A medida que avanza la acción, vuelve a brillar el ingenio versificador de Álvaro Tato, el relato se complejiza sin perder claridad, y los ronlaleros bordan el final más redondo de su carrera, que deja boquiabiertos a los espectadores: como piden los cánones, un cierre tan inevitable como imprevisible.

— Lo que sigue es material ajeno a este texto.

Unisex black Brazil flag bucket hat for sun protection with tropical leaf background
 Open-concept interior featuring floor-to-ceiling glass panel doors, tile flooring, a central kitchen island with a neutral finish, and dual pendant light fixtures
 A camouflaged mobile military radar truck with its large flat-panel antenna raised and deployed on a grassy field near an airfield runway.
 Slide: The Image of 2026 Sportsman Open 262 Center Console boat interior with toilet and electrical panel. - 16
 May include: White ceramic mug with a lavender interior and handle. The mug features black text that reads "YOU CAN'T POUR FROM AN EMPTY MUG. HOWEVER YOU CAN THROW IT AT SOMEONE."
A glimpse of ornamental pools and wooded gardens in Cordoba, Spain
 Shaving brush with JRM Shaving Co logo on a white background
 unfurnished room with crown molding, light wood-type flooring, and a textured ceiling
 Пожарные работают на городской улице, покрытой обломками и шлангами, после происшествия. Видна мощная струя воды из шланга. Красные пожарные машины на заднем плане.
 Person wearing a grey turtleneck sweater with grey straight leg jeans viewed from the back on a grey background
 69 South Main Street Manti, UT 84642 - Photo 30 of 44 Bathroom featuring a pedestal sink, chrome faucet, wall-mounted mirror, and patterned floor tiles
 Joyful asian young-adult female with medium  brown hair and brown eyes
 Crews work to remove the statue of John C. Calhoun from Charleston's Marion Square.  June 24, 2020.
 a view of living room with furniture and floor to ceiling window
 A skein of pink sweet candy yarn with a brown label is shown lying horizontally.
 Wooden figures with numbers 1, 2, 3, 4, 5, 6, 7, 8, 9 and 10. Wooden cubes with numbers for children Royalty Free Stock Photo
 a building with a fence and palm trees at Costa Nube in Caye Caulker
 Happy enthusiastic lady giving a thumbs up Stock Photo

¿Han pasado dos horas o apenas hora y media? Difícil saberlo. El ritmo es vertiginoso, marca de la casa, aunque no le vendría mal un poco de remanso para poder paladear la torrentera de ideas, de gags verbales y físicos. Me vuelven los viejos ecos de los padres fundadores: Tábano, Goliardos, los primeros Joglars, Jerôme Savary y el Magic Circus. Celebro la iluminación falsamente sencilla (no ha de ser fácil ese blanco y negro) de Miguel Ángel Camacho y, de igual modo, la no menos aparente facilidad de la puesta de Yayo Cáceres y la belleza de los figurines de Tatiana de Sarabia. Mientras Juan Cañas e Íñigo Echevarría se centran en los roles protagonistas y antagónicos, es difícil calcular los muchos personajes que encarnan Miguel Magdalena y Álvaro Tato. Daniel Rovalher también se multiplica tras su máscara: admirable trabajo, aunque creo que su rostro, de una constante expresividad, hace un tanto innecesario ese aditamento que le define desde que el mundo es mundo. Puestos a pedir (a los grandes siempre se les puede pedir un poco más), eché en falta alguna que otra canción, y que la pieza de rock (inusual en su repertorio) que cierra el espectáculo sea un poco más coreable para que la función acabara en punta. Pese a estos mínimos reparos, el público aplaude, entregado, Crimen y telón.
‘Crimen y telón’, de Ron Lalá. Teatro Fernán Gómez (Madrid). Director: Yayo Cáceres. Intérpretes: Juan Cañas, Íñigo Echevarría, Miguel Magdalena, Daniel Rovalher, Álvaro Tato. Hasta el 28 de enero.